> TASK BRIEF: Look for the line with "First thing you're" in the entries below, then extract that line and all lines after it exactly, with pictures left out.

+++ RECORDS FOR THIS TASK +++

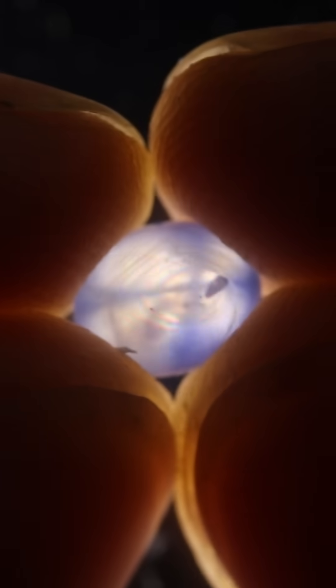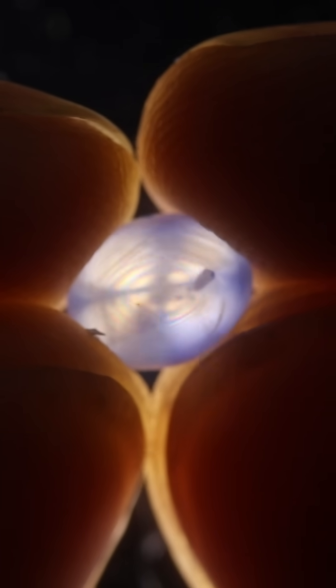Sapphires are uniaxial, whereas many of the common fakes or simulants for sapphire are not. Two common fakes or simulants would be kyanite or tanzanite — tanzanite largely being marketed as a replacement for sapphire. And even to this day, in comparable sizes and qualities, tanzanite is cheaper than sapphire.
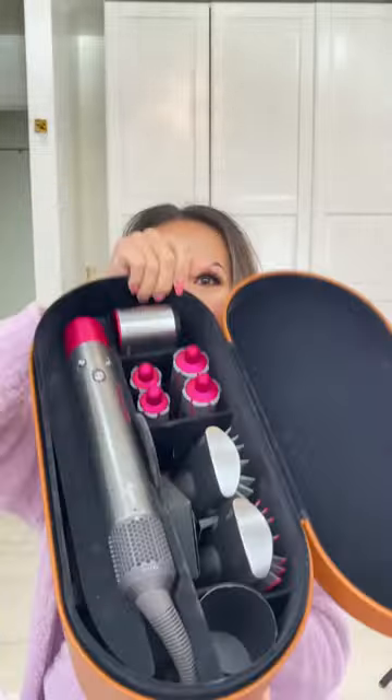I've been getting tons of questions about how I get my hair all voluminous and curly, so here's a quick hair tutorial for you guys. Since my hair is so long, I actually have to use a regular curling iron to curl the bottom of my hair.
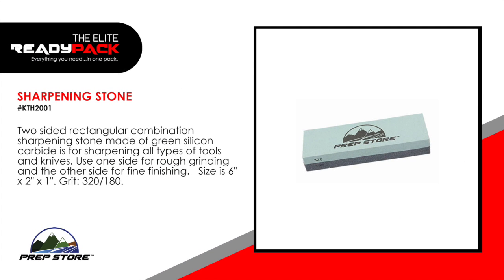Sharpening stone. A two-sided rectangular combination sharpening stone made of green silicon carbide is for sharpening all types of tools and knives. Use one side for rough grinding and the other side for fine finishing. Size is six inches by two inches by one inch. Grit 320 over 180.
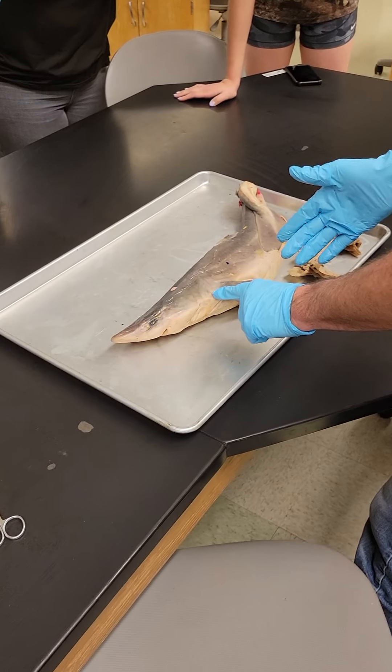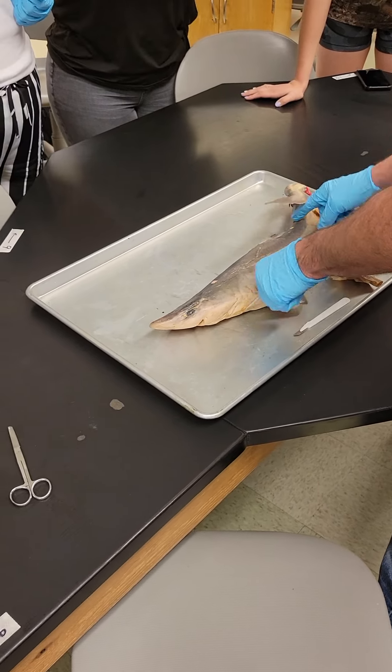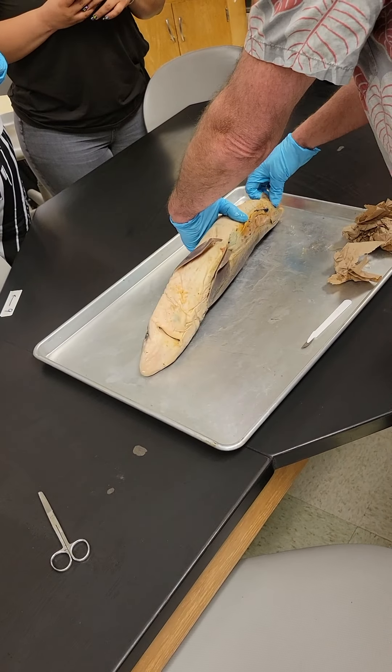Then we have the five gills: one, two, three, four, five. Pectoral fins, pelvic fins. This is a female because it doesn't have claspers.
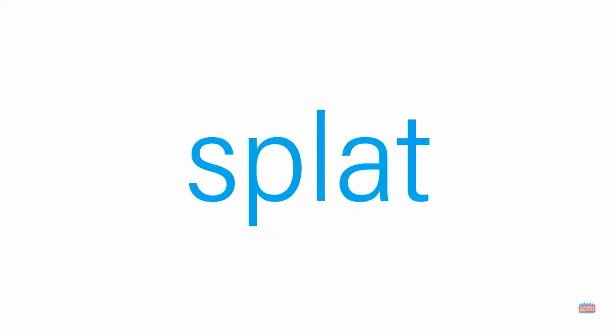This one has five sounds. Tap out each of the sounds and then blend them together. What's the word? Splat.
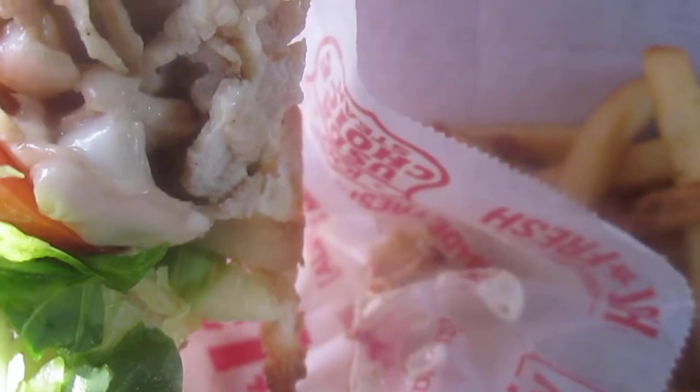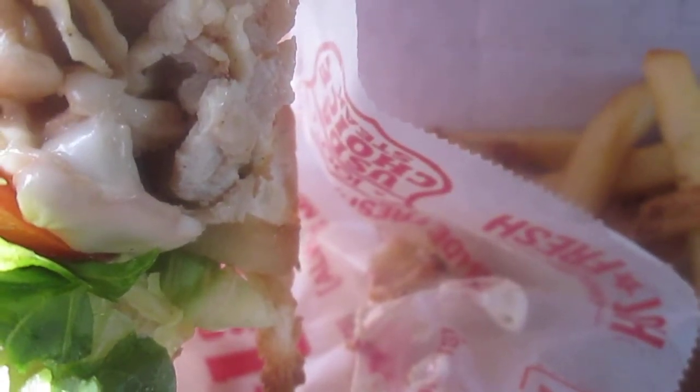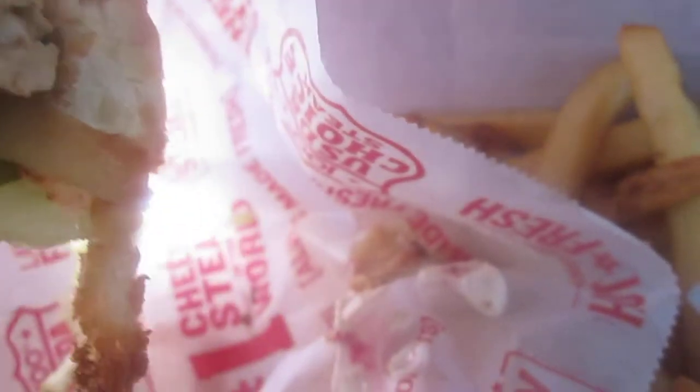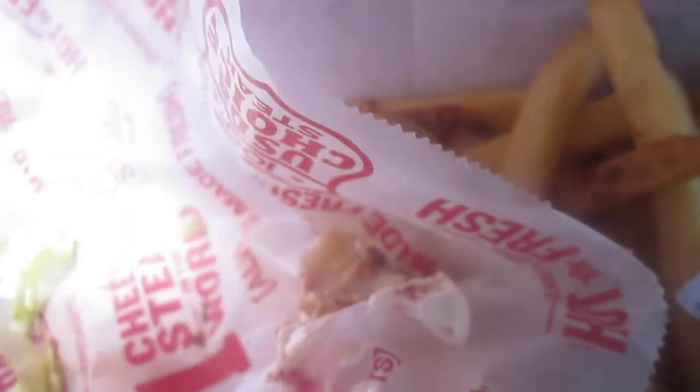This is Blazer Blamond's Food Review, and this is Charlie's Philly Chicken Sandwich. We're going to try it and see what it tastes like, man.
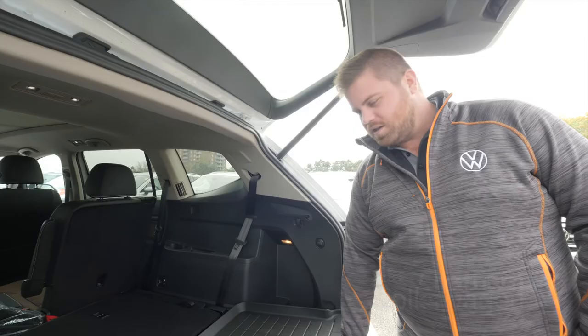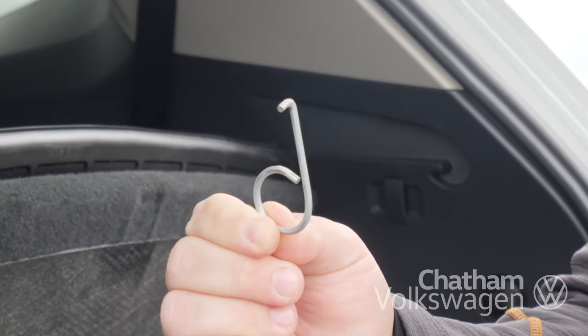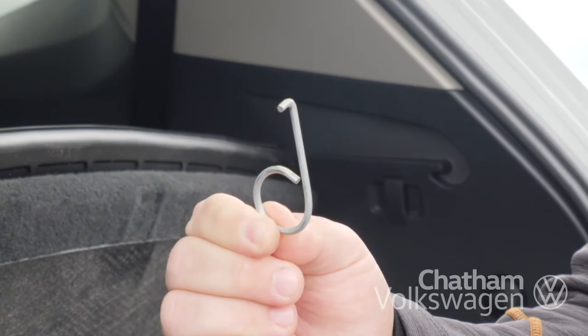First thing you're going to do is come to the back of the vehicle, open up the cover and grab the tool that looks just like this. Once you have the tool, it'll be super easy to be able to pop out all of these caps — pulls right out.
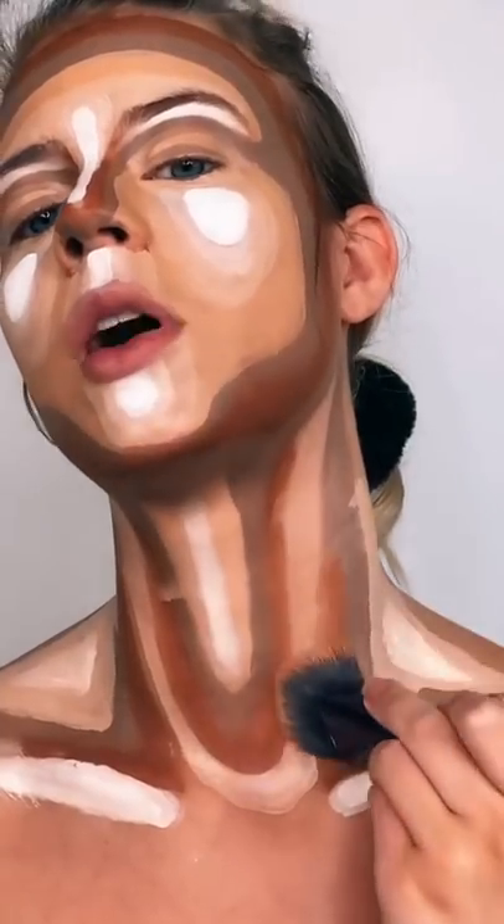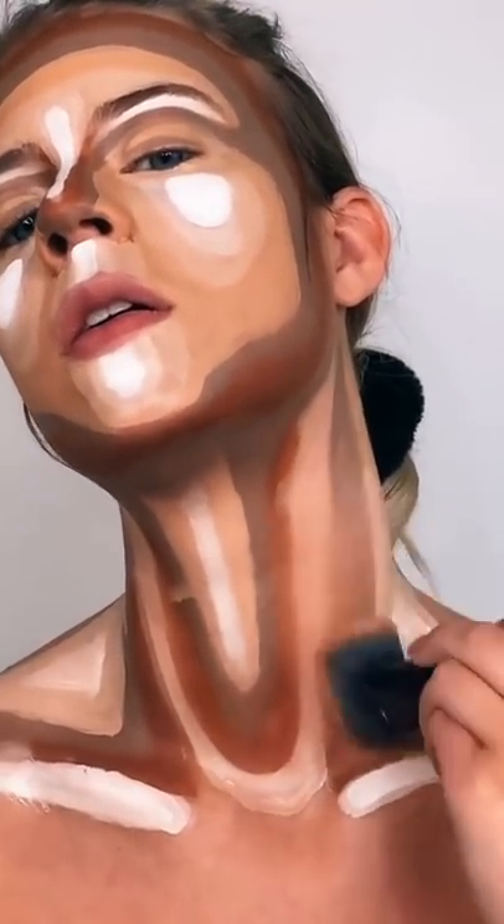Let's see with the spray bottle. All right, let's start with the neck. I've never contoured my neck before. Oh yeah, I get it I guess.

+++

> SOLVED EXERCISE:
First thing you're going to do is come to the back of the vehicle, open up the cover and grab the tool that looks just like this. Once you have the tool, it'll be super easy to be able to pop out all of these caps — pulls right out.
Let's see with the spray bottle. All right, let's start with the neck. I've never contoured my neck before. Oh yeah, I get it I guess.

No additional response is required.